[Opening Data supplied section]

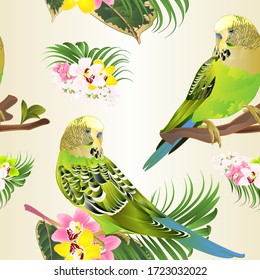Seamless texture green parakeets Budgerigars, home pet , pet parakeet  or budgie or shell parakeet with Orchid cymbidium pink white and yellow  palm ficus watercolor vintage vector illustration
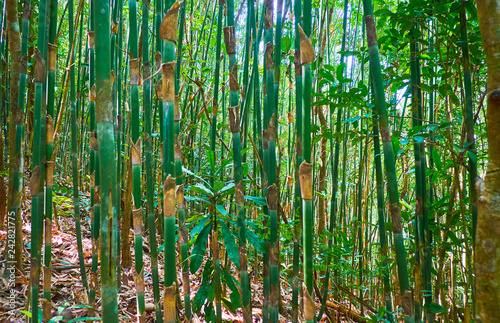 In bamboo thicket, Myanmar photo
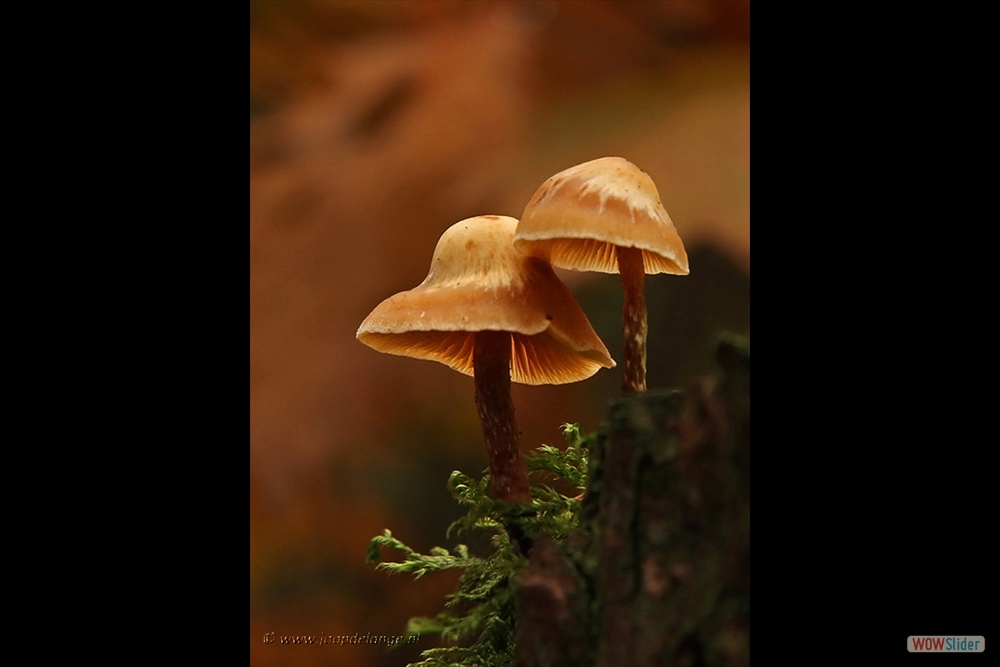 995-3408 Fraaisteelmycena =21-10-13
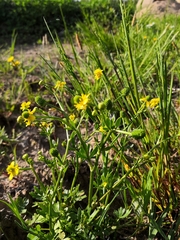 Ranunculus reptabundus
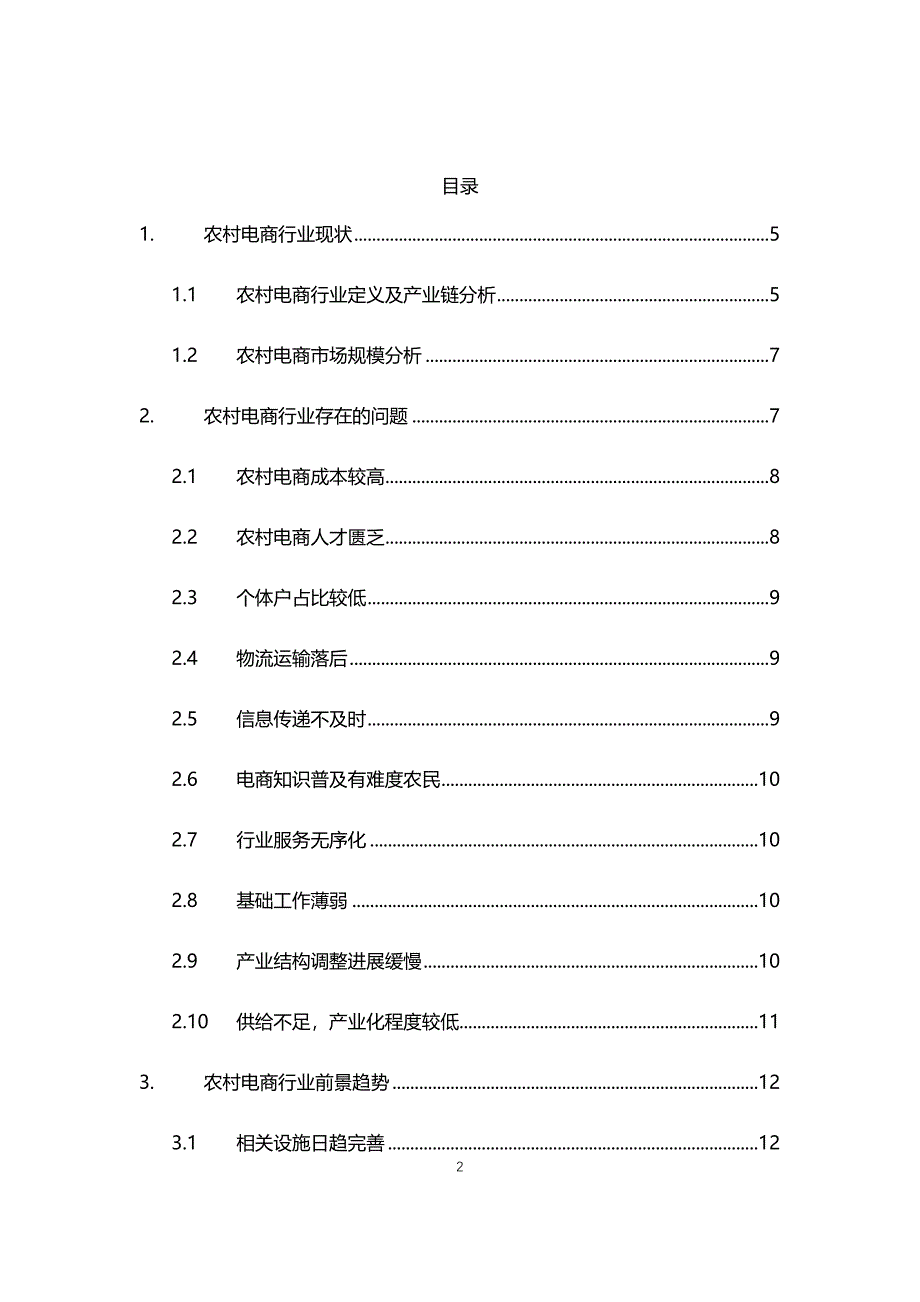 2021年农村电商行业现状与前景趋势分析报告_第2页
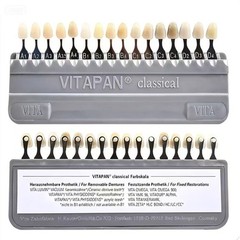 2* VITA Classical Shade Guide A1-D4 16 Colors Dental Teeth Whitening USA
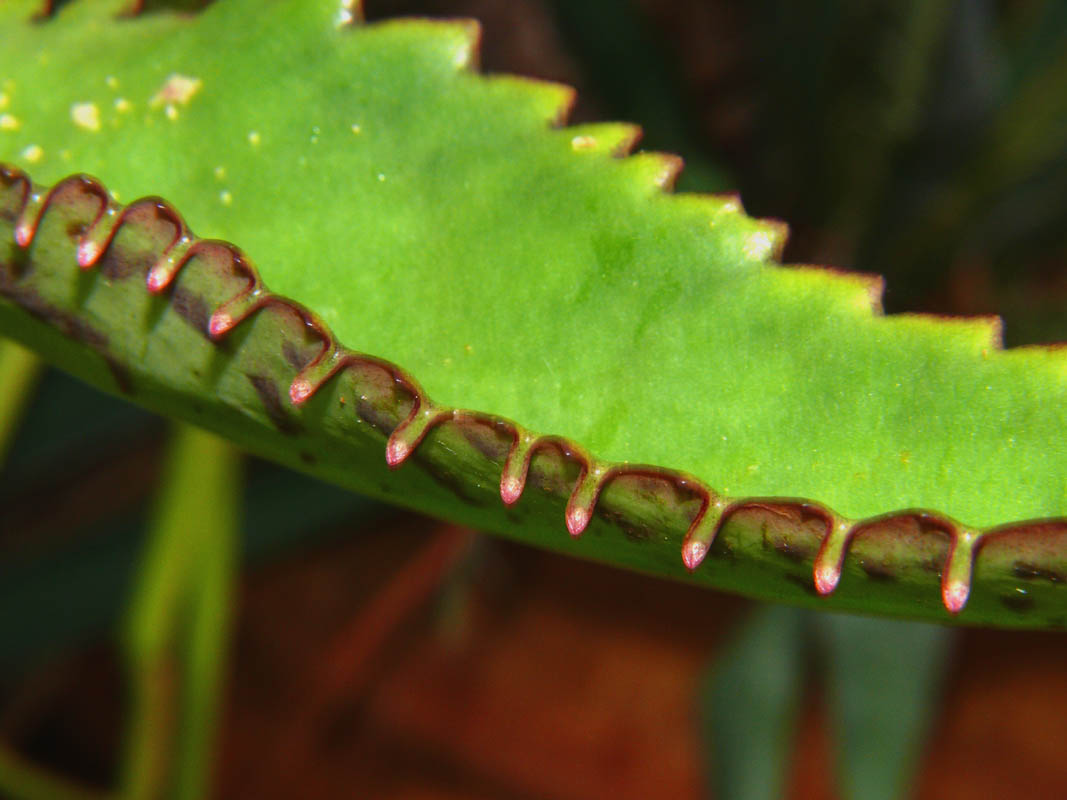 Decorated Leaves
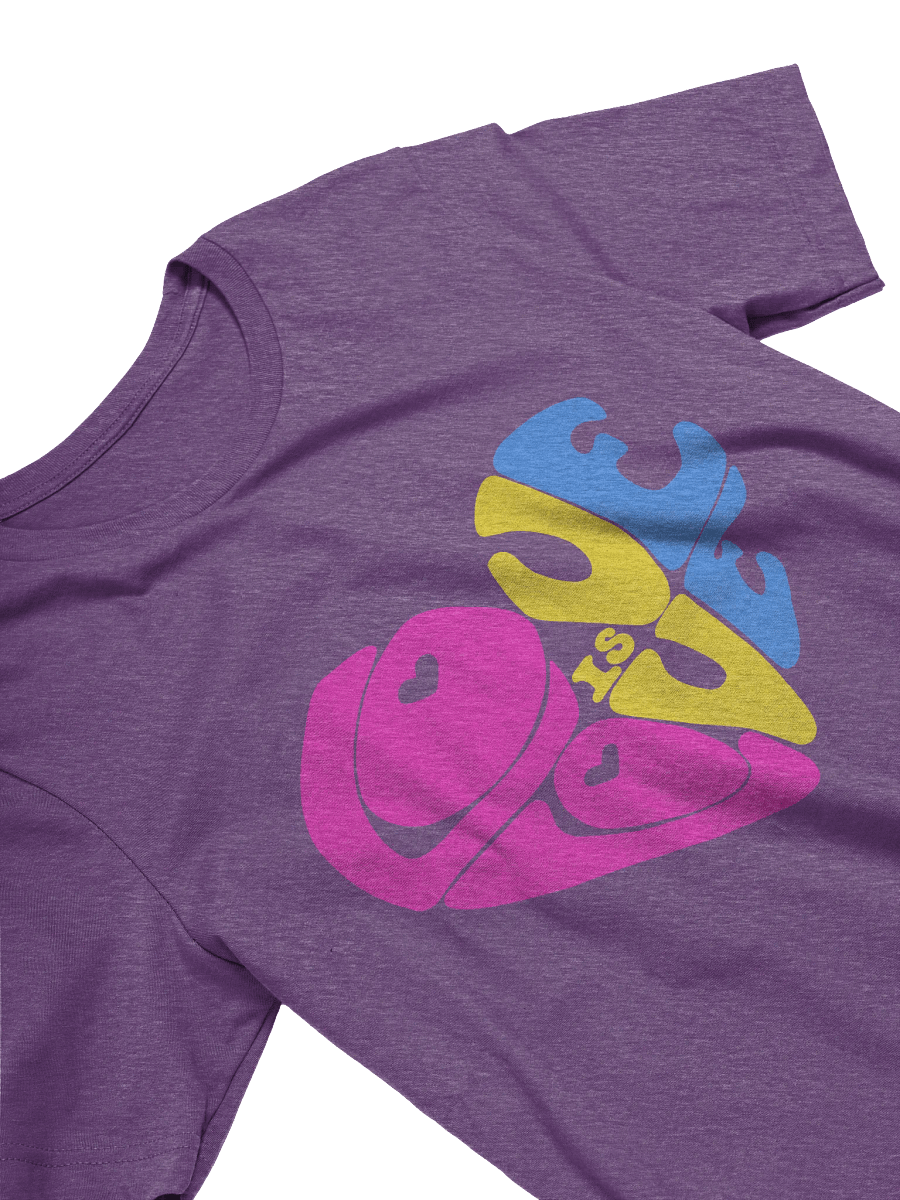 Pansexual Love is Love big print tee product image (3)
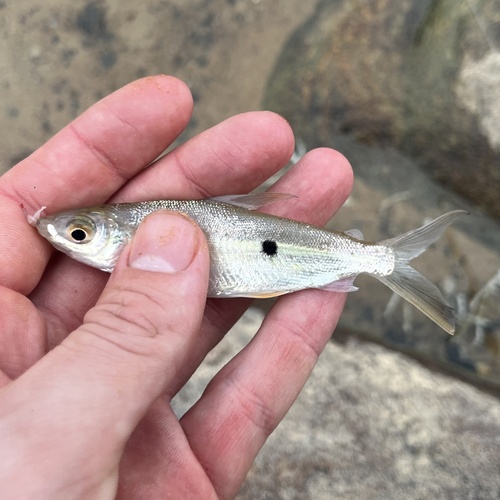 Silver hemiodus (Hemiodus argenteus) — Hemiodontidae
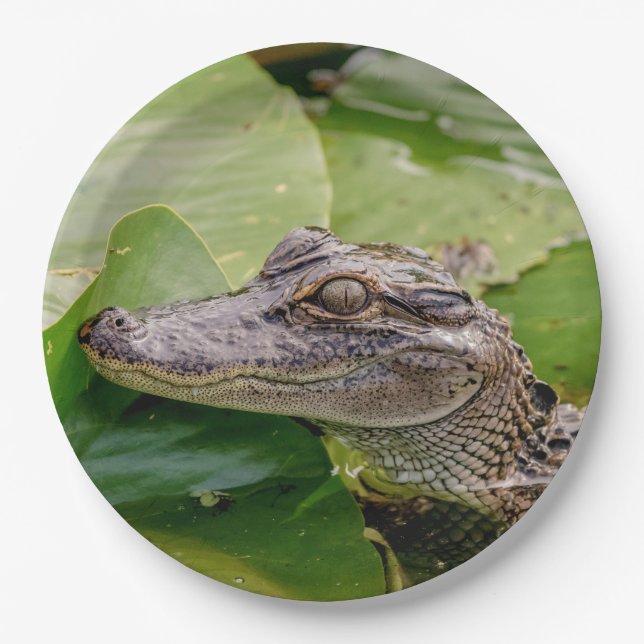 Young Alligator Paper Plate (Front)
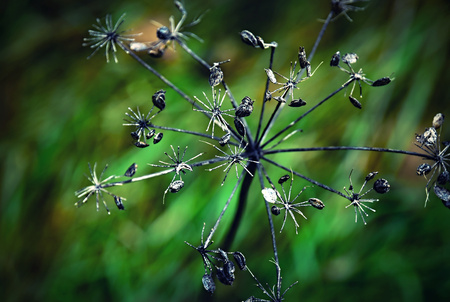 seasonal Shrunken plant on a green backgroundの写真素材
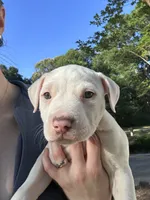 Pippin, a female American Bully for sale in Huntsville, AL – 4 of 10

[Closing Data supplied section]

> _Aim of the task_
Take every record and copy it word for word, dropping the pictures.

> _Answer_
Seamless texture green parakeets Budgerigars, home pet , pet parakeet  or budgie or shell parakeet with Orchid cymbidium pink white and yellow  palm ficus watercolor vintage vector illustration
 In bamboo thicket, Myanmar photo
 995-3408 Fraaisteelmycena =21-10-13
 Ranunculus reptabundus
 2021年农村电商行业现状与前景趋势分析报告_第2页
 2* VITA Classical Shade Guide A1-D4 16 Colors Dental Teeth Whitening USA
 Decorated Leaves
 Pansexual Love is Love big print tee product image (3)
 Silver hemiodus (Hemiodus argenteus) — Hemiodontidae
 Young Alligator Paper Plate (Front)
 seasonal Shrunken plant on a green backgroundの写真素材
 Pippin, a female American Bully for sale in Huntsville, AL – 4 of 10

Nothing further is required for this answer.